114 In R. v. Bentley (Deceased), [1998] E.W.J. No. 1165 (QL) (C.A.), the court posthumously quashed the murder conviction of Derek Bentley who was executed on January 28, 1953. The Crown had alleged that Bentley and an accomplice had embarked upon “a warehouse-breaking expedition” during which a police officer was killed. It was argued that the trial judge had erred in summing up to the jury. It was also argued that fresh evidence made the conviction unsafe. The Lord Chief Justice, Lord Bingham, said about the summing up in this case (at para. 78):
It is with genuine diffidence that the members of this court direct criticism towards a trial judge widely recognised as one of the outstanding criminal judges of this century [Lord Goddard C.J.]. But we cannot escape the duty of decision. In our judgment the summing up in this case was such as to deny the appellant that fair trial which is the birthright of every British citizen.
After quashing the conviction on this basis, Lord Bingham C.J. said (at para. 95):
It must be a matter of profound and continuing regret that this mistrial occurred and that the defects we have found were not recognised at the time.
It does not appear that the Court of Appeal gave much weight to the fresh evidence, though one component of this evidence (dealing with the taking of the appellant’s statement) was said to provide “additional support” (para. 130) for the conclusion that the conviction was unsafe.

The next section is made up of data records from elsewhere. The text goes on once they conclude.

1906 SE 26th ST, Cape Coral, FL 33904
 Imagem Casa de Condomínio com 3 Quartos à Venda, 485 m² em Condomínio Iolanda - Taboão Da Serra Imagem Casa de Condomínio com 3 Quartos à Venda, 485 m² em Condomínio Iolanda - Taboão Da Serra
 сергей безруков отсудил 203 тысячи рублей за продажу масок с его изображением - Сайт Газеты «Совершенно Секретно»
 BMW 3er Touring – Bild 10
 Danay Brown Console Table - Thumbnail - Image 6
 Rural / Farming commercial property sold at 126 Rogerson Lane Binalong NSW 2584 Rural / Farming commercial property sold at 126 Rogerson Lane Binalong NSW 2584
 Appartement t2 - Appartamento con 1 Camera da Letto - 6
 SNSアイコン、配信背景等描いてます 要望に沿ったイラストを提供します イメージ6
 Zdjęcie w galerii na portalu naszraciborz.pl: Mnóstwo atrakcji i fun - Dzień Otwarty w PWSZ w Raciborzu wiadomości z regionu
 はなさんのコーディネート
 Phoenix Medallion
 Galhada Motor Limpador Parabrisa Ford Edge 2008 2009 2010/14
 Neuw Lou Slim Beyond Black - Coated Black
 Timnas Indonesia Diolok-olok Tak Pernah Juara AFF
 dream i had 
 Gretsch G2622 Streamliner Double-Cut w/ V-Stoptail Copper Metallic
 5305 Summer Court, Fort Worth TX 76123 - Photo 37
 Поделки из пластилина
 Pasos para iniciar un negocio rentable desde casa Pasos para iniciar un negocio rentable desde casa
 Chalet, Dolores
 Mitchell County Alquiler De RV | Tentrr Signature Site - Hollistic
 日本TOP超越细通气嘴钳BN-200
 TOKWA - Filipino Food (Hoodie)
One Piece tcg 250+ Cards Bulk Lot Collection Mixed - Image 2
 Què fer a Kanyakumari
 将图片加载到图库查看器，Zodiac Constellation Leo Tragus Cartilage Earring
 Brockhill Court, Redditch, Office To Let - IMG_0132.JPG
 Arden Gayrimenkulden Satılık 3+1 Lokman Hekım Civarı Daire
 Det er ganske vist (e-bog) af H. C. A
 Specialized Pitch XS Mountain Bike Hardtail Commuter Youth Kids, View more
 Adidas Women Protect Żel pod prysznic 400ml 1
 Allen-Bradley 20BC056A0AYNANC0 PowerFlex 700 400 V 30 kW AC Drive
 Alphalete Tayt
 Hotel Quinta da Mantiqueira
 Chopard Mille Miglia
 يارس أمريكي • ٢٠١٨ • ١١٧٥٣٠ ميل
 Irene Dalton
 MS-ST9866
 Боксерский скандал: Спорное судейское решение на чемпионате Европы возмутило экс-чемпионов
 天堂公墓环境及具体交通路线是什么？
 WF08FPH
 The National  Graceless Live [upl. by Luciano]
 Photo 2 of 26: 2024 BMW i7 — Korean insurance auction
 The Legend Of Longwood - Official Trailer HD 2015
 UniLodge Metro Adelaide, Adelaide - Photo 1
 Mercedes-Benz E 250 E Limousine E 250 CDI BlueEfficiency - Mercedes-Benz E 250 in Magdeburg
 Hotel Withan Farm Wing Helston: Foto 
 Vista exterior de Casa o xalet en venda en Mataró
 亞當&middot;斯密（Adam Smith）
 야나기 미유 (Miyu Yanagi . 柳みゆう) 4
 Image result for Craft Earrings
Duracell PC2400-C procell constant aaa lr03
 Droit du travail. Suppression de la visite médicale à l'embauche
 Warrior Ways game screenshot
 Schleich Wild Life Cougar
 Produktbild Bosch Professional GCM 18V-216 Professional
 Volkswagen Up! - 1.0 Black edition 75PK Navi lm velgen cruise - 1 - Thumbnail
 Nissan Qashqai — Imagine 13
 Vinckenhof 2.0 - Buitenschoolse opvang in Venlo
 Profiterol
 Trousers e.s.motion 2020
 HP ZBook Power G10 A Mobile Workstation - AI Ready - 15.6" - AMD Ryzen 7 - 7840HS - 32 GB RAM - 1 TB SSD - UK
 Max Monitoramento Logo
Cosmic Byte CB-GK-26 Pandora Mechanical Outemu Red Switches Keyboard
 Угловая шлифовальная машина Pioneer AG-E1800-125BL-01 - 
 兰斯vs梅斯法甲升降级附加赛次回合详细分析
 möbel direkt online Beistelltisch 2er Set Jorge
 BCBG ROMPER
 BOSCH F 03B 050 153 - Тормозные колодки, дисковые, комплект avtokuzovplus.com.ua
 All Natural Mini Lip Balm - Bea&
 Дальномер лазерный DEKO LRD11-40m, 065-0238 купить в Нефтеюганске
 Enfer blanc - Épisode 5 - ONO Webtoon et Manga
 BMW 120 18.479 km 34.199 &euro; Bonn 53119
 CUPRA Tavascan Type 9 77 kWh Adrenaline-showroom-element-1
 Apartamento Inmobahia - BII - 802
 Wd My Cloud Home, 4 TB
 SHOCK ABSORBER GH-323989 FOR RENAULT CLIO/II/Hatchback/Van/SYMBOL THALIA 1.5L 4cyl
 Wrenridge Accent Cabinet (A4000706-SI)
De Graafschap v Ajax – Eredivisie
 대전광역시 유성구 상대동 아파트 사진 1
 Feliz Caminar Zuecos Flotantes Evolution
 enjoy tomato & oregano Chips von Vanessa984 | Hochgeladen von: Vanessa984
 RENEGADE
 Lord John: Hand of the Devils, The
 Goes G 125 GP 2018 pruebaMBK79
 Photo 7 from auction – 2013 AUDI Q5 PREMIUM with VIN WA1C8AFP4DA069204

115 Another recent case is R. v. Mattan, [1998] E.W.J. No. 4668 (QL) (C.A.). Mahmoud Hussein Mattan was convicted of murdering a Cardiff shopkeeper in 1952. The shopkeeper’s throat had been cut. On August 19, 1952, the Court of Criminal Appeal refused his application for leave to appeal. He was hanged in Cardiff Prison on September 8, 1952. Fresh evidence came to light in 1969 but the Home Secretary declined in February 1970 to have the case reopened. The Commission, however, referred the matter to the Court of Appeal, which found that the Crown had failed to disclose highly relevant evidence to the defence. In the result, the conviction was quashed. Near the end of its judgment, the Court of Appeal stated that “[i]t is, of course, a matter for very profound regret that in 1952 Mahmoud Mattan was convicted and hanged and it has taken 46 years for that conviction to be shown to be unsafe.” It also observed that the case demonstrates that “capital punishment was not perhaps a prudent culmination for a criminal justice system which is human and therefore fallible” (para. 39).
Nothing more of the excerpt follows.